- **What to produce**: Output, exactly as written, the lines below starting at the line containing "Hi, DIYers. Joe" and ending at the line containing "Welcome back to". Drop the pictures and keep both end lines.

Data Block Start

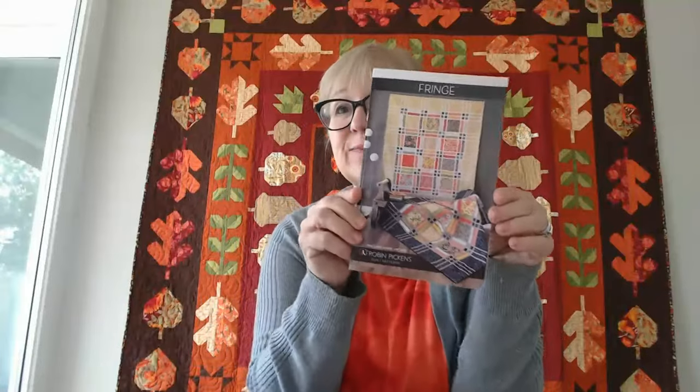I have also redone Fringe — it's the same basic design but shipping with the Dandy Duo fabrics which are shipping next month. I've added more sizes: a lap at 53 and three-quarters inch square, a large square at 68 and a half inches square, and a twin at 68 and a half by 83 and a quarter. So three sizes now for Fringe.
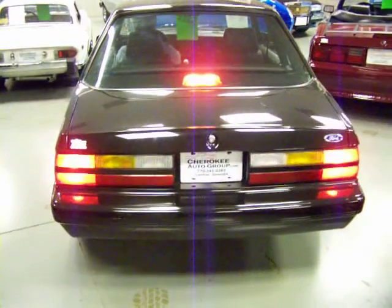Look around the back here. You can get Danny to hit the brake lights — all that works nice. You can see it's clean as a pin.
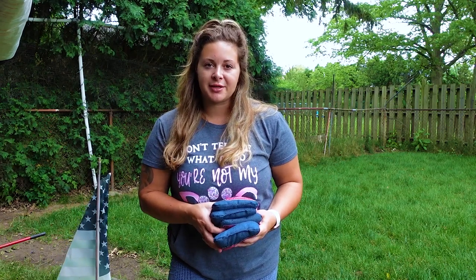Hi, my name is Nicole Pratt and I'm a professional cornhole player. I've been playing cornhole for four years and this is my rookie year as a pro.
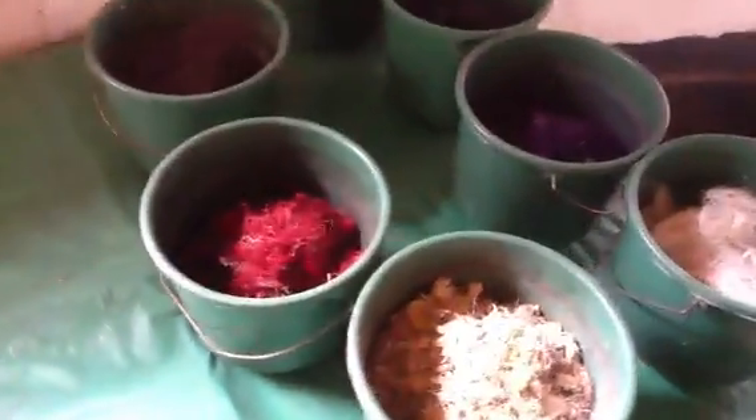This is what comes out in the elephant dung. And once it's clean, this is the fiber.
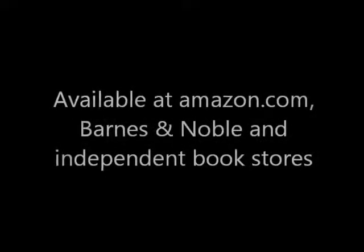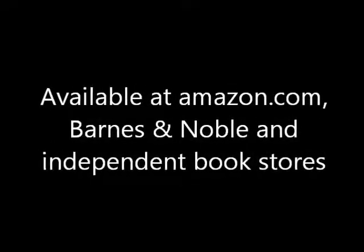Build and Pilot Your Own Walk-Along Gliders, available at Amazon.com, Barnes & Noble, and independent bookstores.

Data Block End
Data Block Start

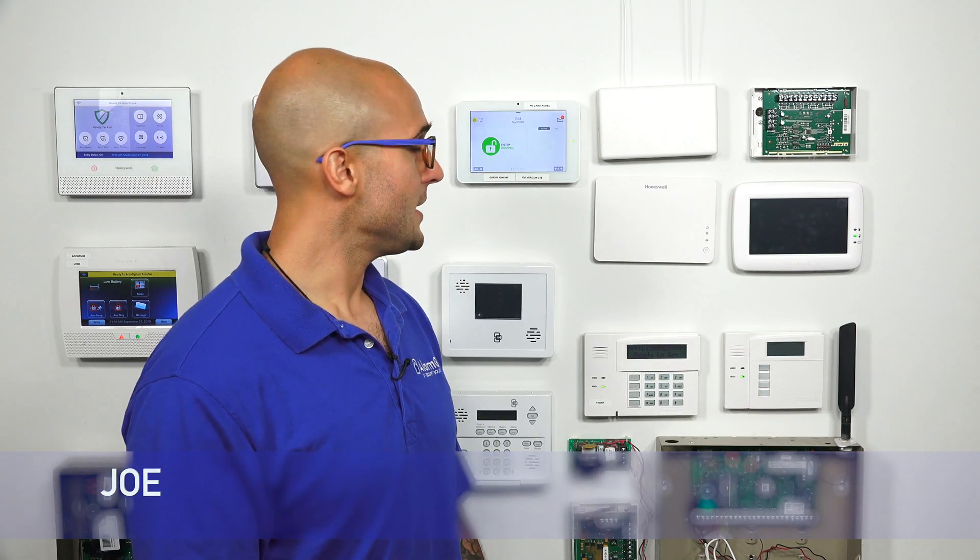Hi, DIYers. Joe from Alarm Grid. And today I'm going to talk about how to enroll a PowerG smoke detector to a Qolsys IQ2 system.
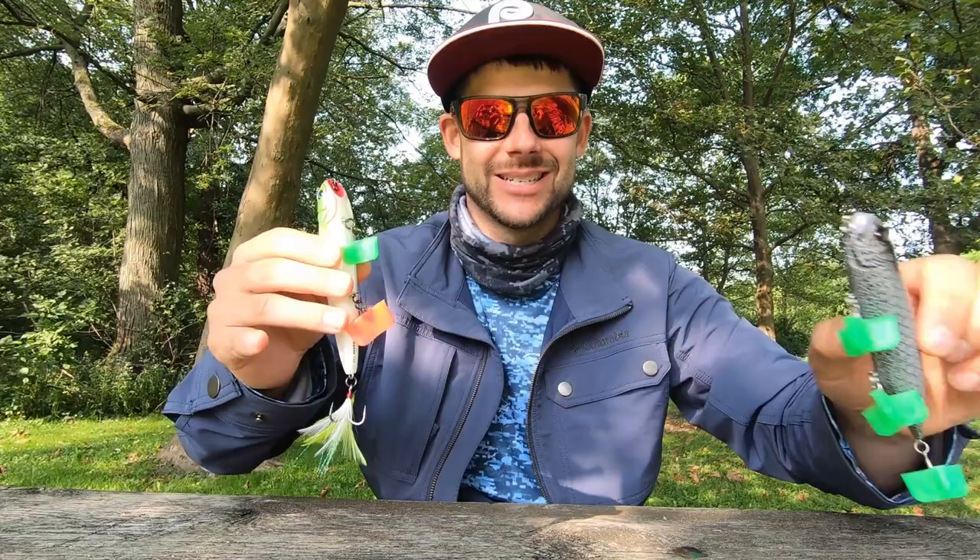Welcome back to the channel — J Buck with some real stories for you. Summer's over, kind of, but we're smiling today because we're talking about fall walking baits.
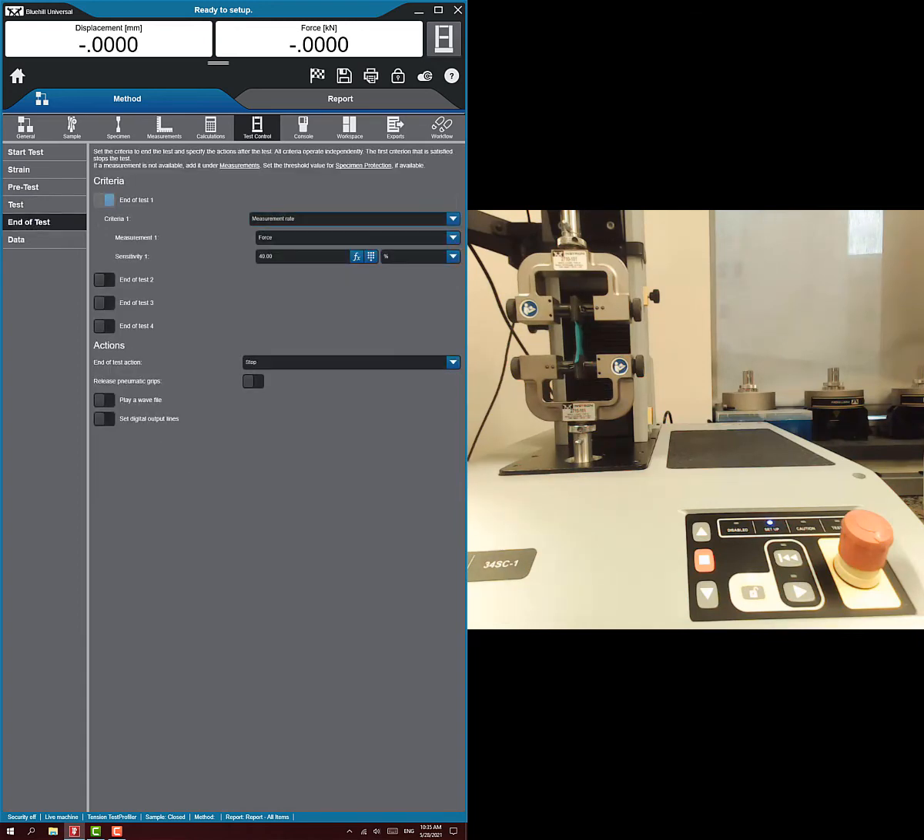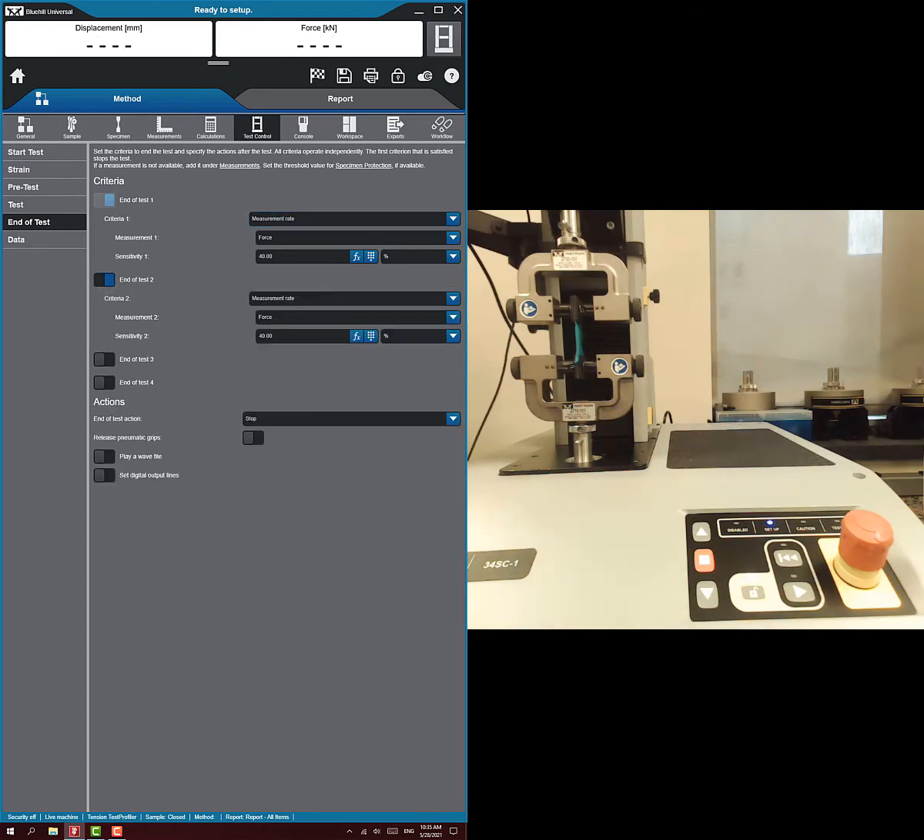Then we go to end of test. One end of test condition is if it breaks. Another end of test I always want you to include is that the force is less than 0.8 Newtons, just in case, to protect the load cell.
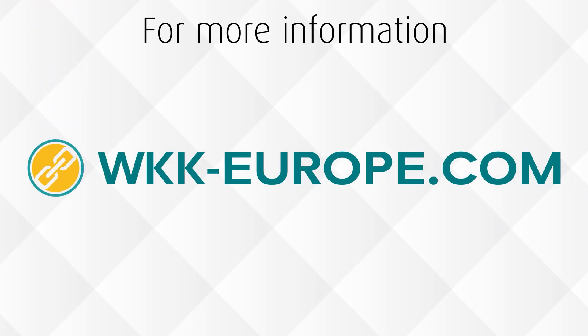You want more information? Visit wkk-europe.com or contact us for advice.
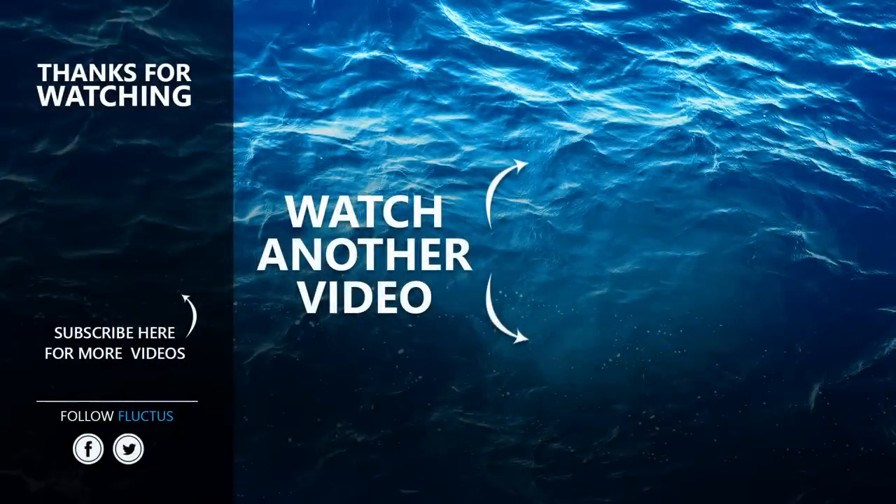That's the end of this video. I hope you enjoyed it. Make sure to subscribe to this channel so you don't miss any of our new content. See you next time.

Data Block End

- **Answer box**:
Hi, DIYers. Joe from Alarm Grid. And today I'm going to talk about how to enroll a PowerG smoke detector to a Qolsys IQ2 system.
Welcome back to the channel — J Buck with some real stories for you. Summer's over, kind of, but we're smiling today because we're talking about fall walking baits.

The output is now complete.